Initially announced as part of new wave of midtown skyscraper buildings, the upcoming store began to grow as it acquired space across the street at 3 Columbus Circle and then it was announced that adjacent buildings at 1776 Broadway and 5 Columbus Circle would be incorporated into the growing flagship including major restoration work on parts of the storefronts —which will probably make it take even longer. There's one part of the store, however, that shouldn't be hampered by complicated construction issues, and that's the Nordstrom Men's Store that is slated to open across the street. While the opening date of the main store has been pushed to 2019, new signage in the windows of the upcoming men's unit announces a Spring 2018 opening, a full year, at least, ahead of it mothership (pictured at right). Obviously, the advantage here is that the store will open in a building that has already been built, and like any good retailer, the chain wants to get this freestanding component open as soon as possible. This will make Nordstrom only the second major store in Manhattan to house its men's department in a completely separate building on another block since Bergdorf Goodman opened its Men's Store nearly 27 years ago at 58th Street and Fifth Avenue. It helps that Nordstrom has one of the most developed Men's businesses of all the higher-end specialty department store chains. It has long been said among menswear vendors that if Nordstrom is one of your clients, it is likely to be your largest, and over the past decade, the company has made great efforts to evolve its menswear offerings from traditional middle-of-the-road fare to a broader assortment including more international designers and directional labels. We will likely see more evolution in the new store as executives have already promised an extra-special presentation for New York. As the city's erstwhile men's tailored clothing champion, Barneys New York, has jettisoned all but the most luxurious tier of its men's suit offerings, there is an opportunity for Nordstrom to pick up some of that slack as the city is still home to substantial legal and financial industries where lots of men still need nice suits for work. Now, we can be fairly certain that there is less than a year to wait to see how Nordstrom will address New York's menswear market as well as to see the first glimpse of the massive upcoming flagship project.

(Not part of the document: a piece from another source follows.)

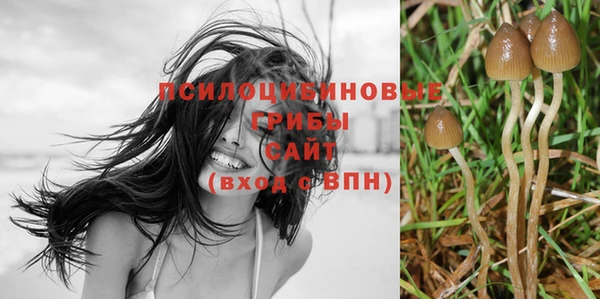дмт Балабаново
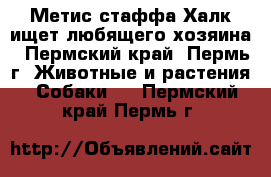Метис стаффа Халк ищет любящего хозяина - Пермский край, Пермь г. Животные и растения » Собаки   . Пермский край,Пермь г.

The Shophound hasn't had a stroll down Madison Avenue in a few months, and what did we notice on Monday but a substantial swath of plate glass backed in the unmistakable logo of Balenciaga. It turns out that Manhattan did not really need three Gucci boutiques. As the new Alessandro Michele-era Gucci store opened in Brookfield Place, the Tom Ford/Frida Giannini version in the former Westbury Hotel was shut down in preparation to be ceded to its sister brand. Balenciaga has only ever had one New York store at a time, but its expansion to tony Madison Avenue and 69th Street is a signal that even directional "downtown" brands can benefit from uptown exposure. This will also be first U.S. store for Balenciaga under its still new creative director Demna Gvasalia. While the current, lavish SoHo flagship opened under the brief tenure of creative director Alexander Wang, it was planned under Nicolas Ghesqiuere, who spearheaded the once sleepy label back to prominence. This new shop is expected to have a radically different ambiance given Vêtements designer Gvesalia's more avant-garde point of view. The store is slated to open in June, and will be patterned after the Balenciaga boutique that recently opened in Paris which features a Warehouse style decor with industrial fixtures, foil covered ceilings, cast concrete walls and furniture upholstered in synthetic leather. It's a far cry from the dramatic marble floored opulence found in SoHo. In fact, it's almost as if the two stores will each have an interior more typically suited to the other one, with an elegant uptown ambiance in SoHo, and a downtown industrial look on Madison Avenue. Look for the new boutique's publicity blitz to begin in a couple of months as the store opens just in time to stock the pre-fall collection.
If Japan's largest retailer seems to be at a bit of an impasse on how to expand it's U.S. business, it remains committed to its strategy of bridging the exclusive designer world with the mass market. The announcement of this fall's designer collaboration at Uniqlo should please fashion fans, as J.W.Anderson's Jonathan Anderson (pictured at right) will be creating a special capsule collection for men and women exclusively for the chain. As designer for both his own label as well as the Spanish luxury leather goods label Loewe, Anderson has caught the attention of fashion insiders even if his public profile has yet to rise to superstar status. That doesn't matter as much to the chain, as it's collaboration with lesser known label Lemaire sold out anyway and led to an ongoing collection with Christophe Lemaire for the Uniqlo U label.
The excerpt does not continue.